**THE DATA:**

[Start of Attachment]

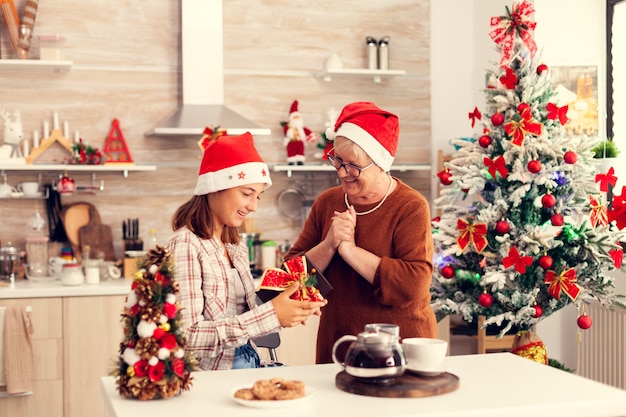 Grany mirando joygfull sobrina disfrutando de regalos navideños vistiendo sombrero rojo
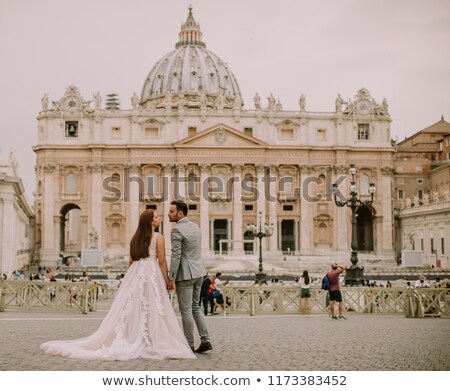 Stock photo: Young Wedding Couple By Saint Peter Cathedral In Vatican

[End of Attachment]
[Start of Attachment]

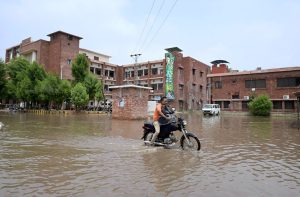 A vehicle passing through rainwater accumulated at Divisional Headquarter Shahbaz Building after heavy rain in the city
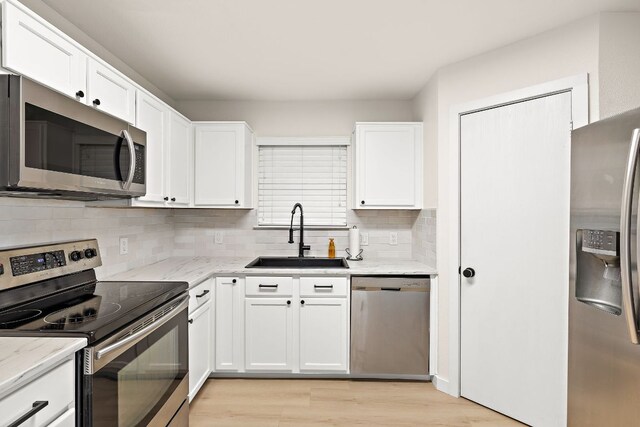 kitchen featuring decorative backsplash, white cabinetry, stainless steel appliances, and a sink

[End of Attachment]
[Start of Attachment]

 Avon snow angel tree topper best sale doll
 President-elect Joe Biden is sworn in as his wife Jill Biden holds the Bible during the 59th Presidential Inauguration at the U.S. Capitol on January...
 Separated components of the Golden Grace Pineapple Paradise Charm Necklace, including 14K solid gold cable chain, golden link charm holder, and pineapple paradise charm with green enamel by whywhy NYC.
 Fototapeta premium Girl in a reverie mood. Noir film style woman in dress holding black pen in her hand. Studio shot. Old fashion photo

[End of Attachment]

Once the line with "Grany mirando joygfull" is found above, transcribe each line from it through the line with "Stock photo: Young", exactly, and omit the pictures.

 Grany mirando joygfull sobrina disfrutando de regalos navideños vistiendo sombrero rojo
 Stock photo: Young Wedding Couple By Saint Peter Cathedral In Vatican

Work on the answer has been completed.